What are reasonable accommodations?
A reasonable accommodation is a modification or adjustment to your job, the environment that you work in, or in the process in which you complete your work, that enables those with disabilities to have an equal employment opportunity and perform their essential job functions.
Some examples of reasonable accommodations could include granting additional or more frequent breaks for someone recovering from an injury or illness, modifying a work schedule for someone that has regular doctors appointments, or making the worksite accessible for someone who is wheelchair bound. Accommodations are requested and received by participating in a good faith interactive process.
What is the interactive process?
The interactive process is an informal process in which an employer is supposed to take time to develop potential solutions that would allow an employee to continue working.

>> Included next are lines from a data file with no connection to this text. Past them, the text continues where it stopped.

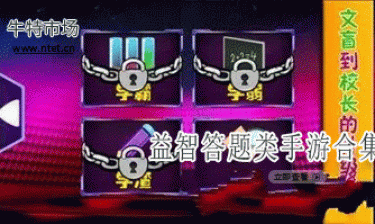 益智答题类手游合集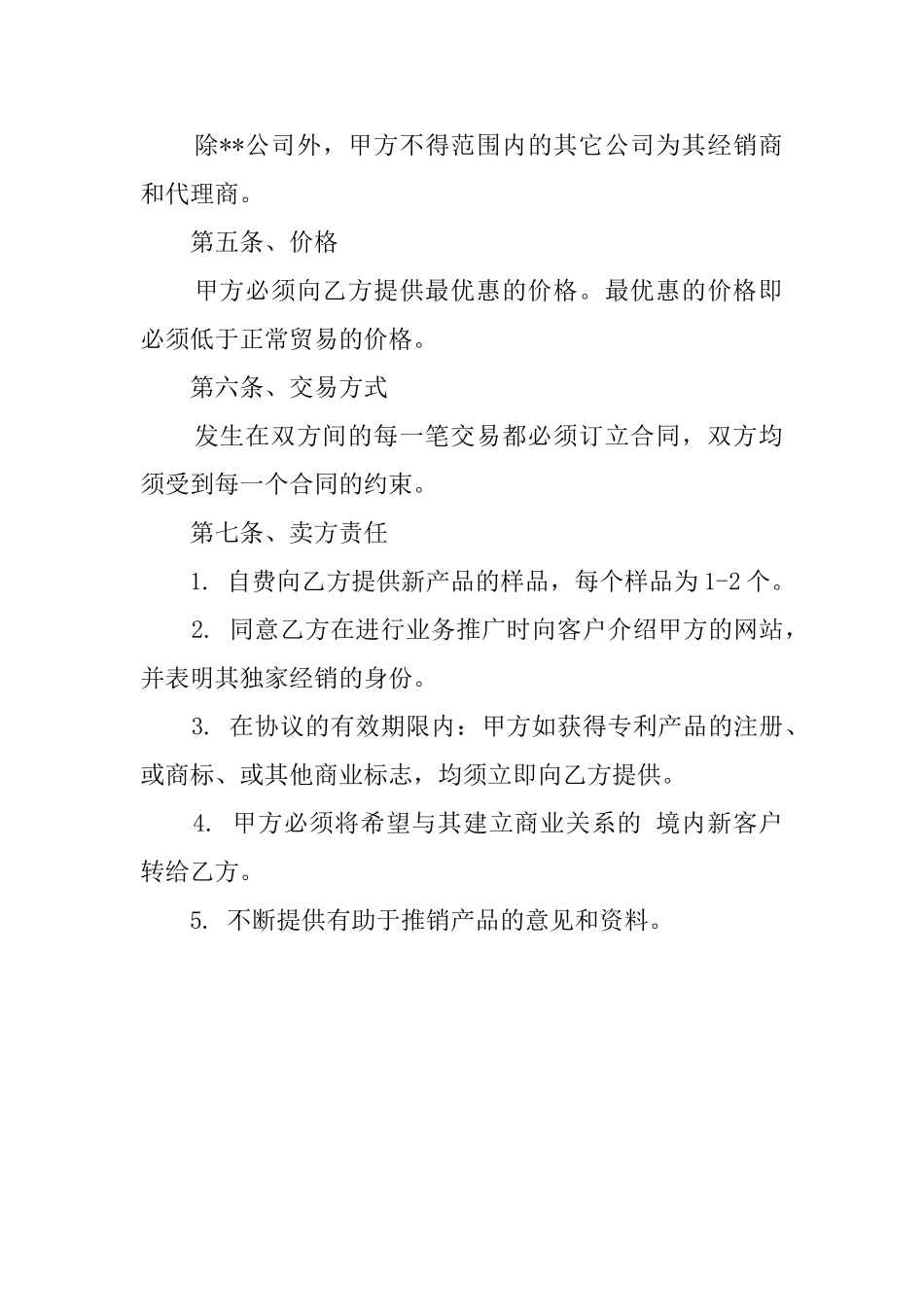 独家经销协议模板_第2页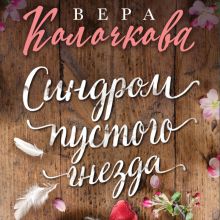 Обложка Синдром пустого гнезда Вера Колочкова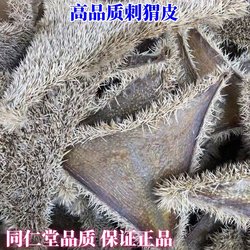 High-Quality Hedgehog Skin Chinese Medicinal Material 500g, Hedgehog Skin, Hedgehog Fur, Hedgehog Ball Skin, Fried Hedgehog Skin Powder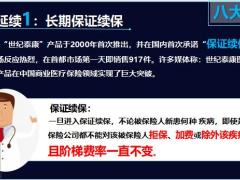 世纪泰康2019住院医疗保险介绍44页.pptx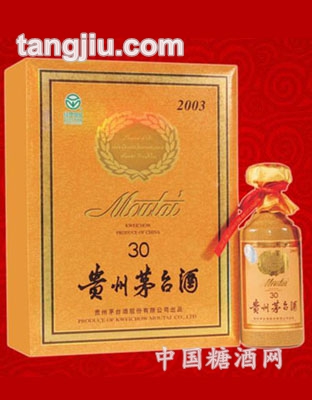 贵州茅台酒（30年）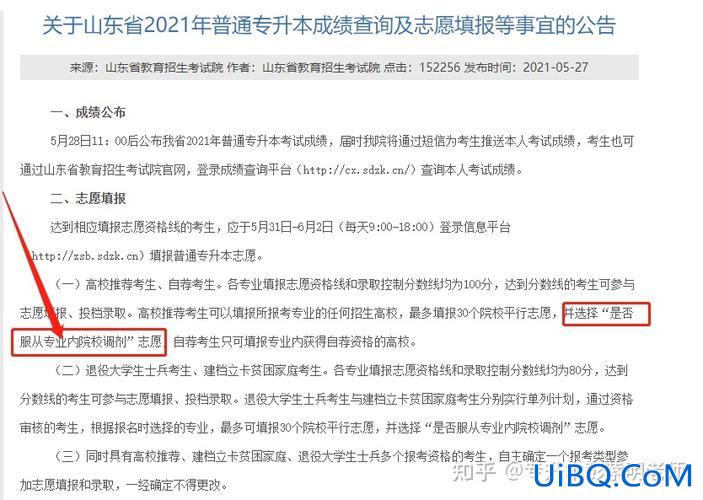 专升本要不要服从调剂？山东省专升本学前教育专业2023年可以服从调剂吗？
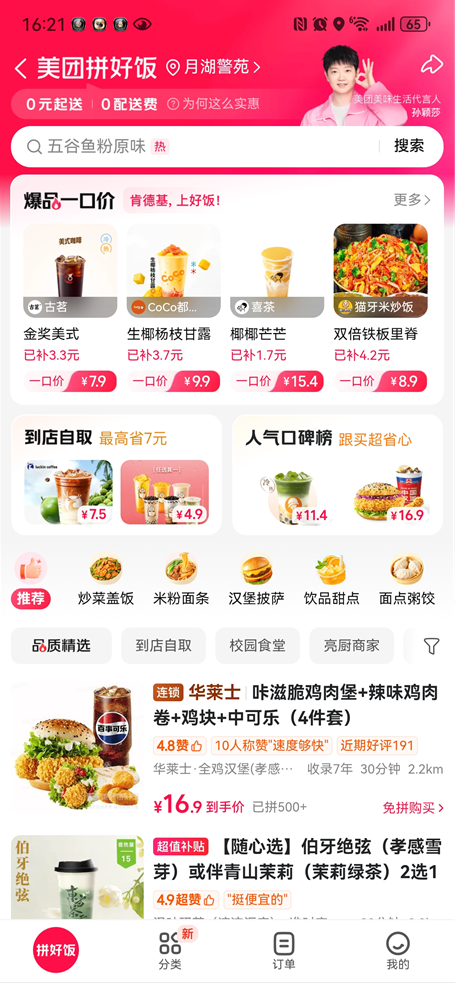 美团拼好饭在哪里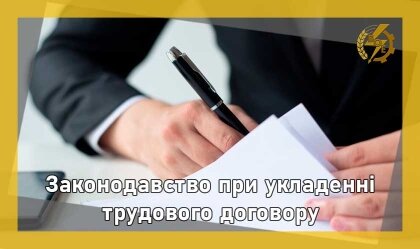 АТ «Вінницяобленерго» – особистий кабінет, передати покази лічильника, кол-центр 0 (800) 30-95-95 Законодавство при укладенні трудового договору_0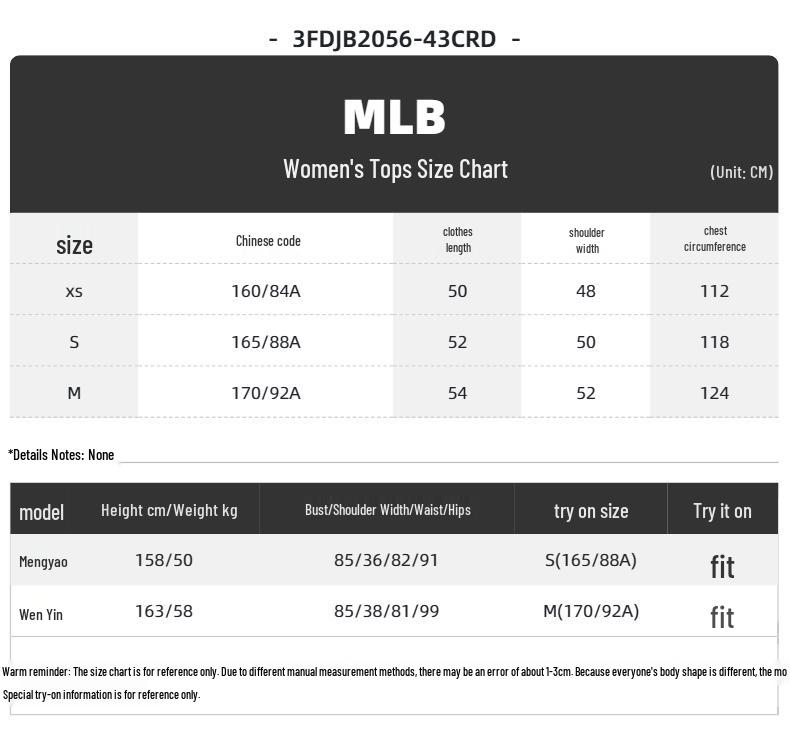 MLB Women's Winter Casual Down Jacket 3FDJB2056-43CRD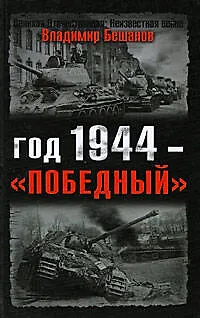 Книга Год 1944 - "победный" (Владимир Бешанов)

Your employer is required to engage with you in a timely manner to determine which accommodations would assist you in performing the essential functions of your job.
What if my employer didn’t engage in the interactive process?
It’s unlawful for your employer to fail in engaging in the interactive process. The point of the process is to grant those with disabilities an equal opportunity to work and earn a living.
If you have a covered disability, you can perform the essential job functions, and your employer failed to reasonably accommodate you, then you may be able to recover damages such as back pay and non-economic damages such as emotional distress damages. Call us immediately, our employment attorney will go over your case during our free consultation.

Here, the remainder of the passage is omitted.